**Your objective**
Out of the lines below, please list those that hold the string "Mercedes".

**Input data**
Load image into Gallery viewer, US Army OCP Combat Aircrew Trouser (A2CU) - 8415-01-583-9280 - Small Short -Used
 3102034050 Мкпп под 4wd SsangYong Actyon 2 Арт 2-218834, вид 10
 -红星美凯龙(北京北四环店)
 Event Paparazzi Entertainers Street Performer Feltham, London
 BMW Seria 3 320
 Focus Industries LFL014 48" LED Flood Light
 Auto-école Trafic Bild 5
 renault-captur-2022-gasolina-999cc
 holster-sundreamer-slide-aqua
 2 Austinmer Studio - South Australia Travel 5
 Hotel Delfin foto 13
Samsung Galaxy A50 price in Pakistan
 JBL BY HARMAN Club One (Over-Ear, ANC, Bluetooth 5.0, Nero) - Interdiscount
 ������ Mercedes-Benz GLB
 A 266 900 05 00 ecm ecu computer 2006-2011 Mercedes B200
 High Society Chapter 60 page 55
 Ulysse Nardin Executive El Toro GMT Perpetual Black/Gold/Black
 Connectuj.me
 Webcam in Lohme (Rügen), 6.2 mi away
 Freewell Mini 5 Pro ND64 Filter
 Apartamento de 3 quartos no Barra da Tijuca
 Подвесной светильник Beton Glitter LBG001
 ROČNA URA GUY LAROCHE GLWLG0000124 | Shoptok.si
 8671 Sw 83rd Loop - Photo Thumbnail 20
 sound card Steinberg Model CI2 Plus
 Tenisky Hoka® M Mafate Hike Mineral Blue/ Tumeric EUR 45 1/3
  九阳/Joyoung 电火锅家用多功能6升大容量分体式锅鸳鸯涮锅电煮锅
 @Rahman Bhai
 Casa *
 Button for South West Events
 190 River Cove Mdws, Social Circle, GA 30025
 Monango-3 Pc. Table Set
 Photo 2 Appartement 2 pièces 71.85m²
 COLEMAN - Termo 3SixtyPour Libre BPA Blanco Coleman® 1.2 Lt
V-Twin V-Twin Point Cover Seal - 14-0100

**Reply**
 ������ Mercedes-Benz GLB
 A 266 900 05 00 ecm ecu computer 2006-2011 Mercedes B200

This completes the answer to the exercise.